We all will deal with grief at one stage in our lives. When faced with the loss of a loved one, either a close family member or friend, dealing with grief can take over your life. Everyone will have a time of grieving, but it is going to be different for every individual. Some will move through it rapidly. For the others, they stay stuck there and grief dominates their life for many years. Some have intense feelings that lead to physical symptoms like sleepless nights and a lack of appetite. Others will find their symptoms to be a bit mild like the occasional attack. The intensity of emotions as well as the time taken to grieve has nothing to do with how close you were to the deceased person. It’s a lot more to do with how balanced and healthy you’re on the psychological, physical and spiritual planes.
Most of the longstanding or intensely felt grief emanates from unresolved grief in the past. It becomes a pattern that is repeated. It is as if you are being given chances to heal your grief in the hope that one day you will be able to deal with it. The grief comes from a perception of grief, a feeling of emptiness that the one you loved filled your life. This unfamiliar scenario can cause you to feel sad and lonely.
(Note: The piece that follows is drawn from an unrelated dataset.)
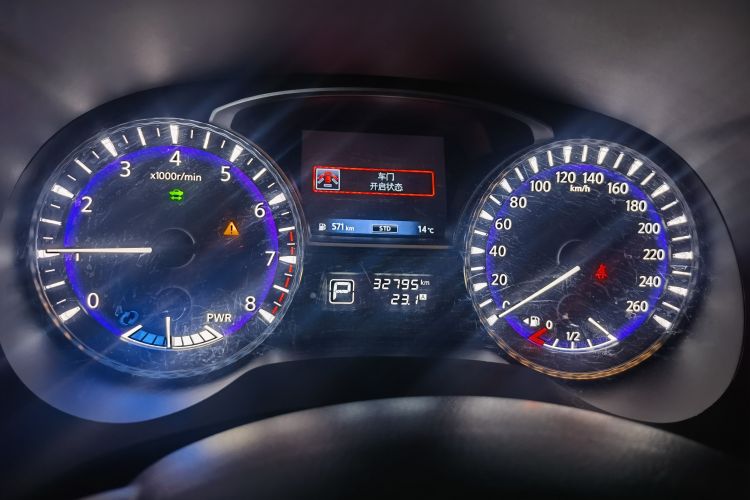 Used Infiniti QX60 2018 2.5 S/C Hybrid Four-Wheel-Drive Champion Family Edition Odometer Close Up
Grief normally has five stages. The first one is when one goes into shock and denial. Next, these are followed by rage against the loved one for leaving you or may be against God for making you go through such a trying time. The third stage may be bargaining which is then followed by depression or deep sadness with the final stage being acceptance.
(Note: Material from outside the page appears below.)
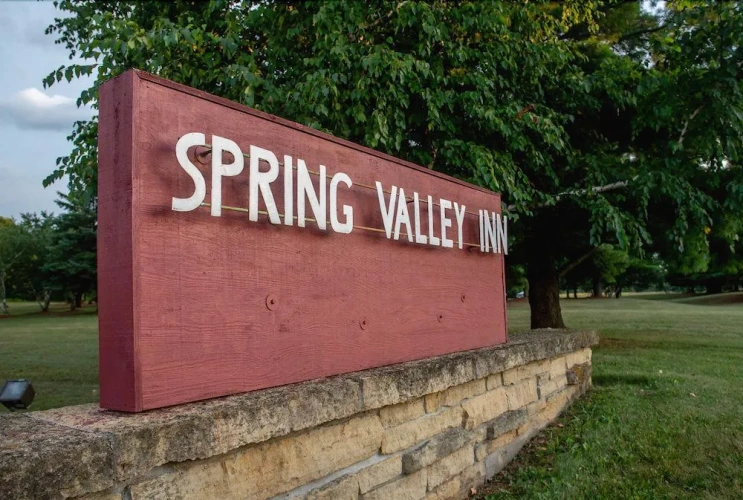 Spring Valley Inn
Grief is a means of letting go. It allows you to go deeper to find the cause of your issues. However, for some, they may not be able to let go of the pain. They cannot be disloyal to the memory of their dearly departed, and they fear letting go. Dealing with grief becomes this never ending obstacle to moving forward. Society as a whole does maybe not provide help that is enough in terms of acceptance of grief and the holistic and wholesome allowance. Family members and friends, while meaning well, become impatient with you and may want one to get over it swiftly.
Quick fixes are not speedy in any way, and they do not aid one to deal with the root problem. This means that the core issue festers and grows although concealed under the veil of the quick fix. When trying to deal with grief in a curative way, it is best to accept it and know that it is not a permanent state but just a process and that you will come through it.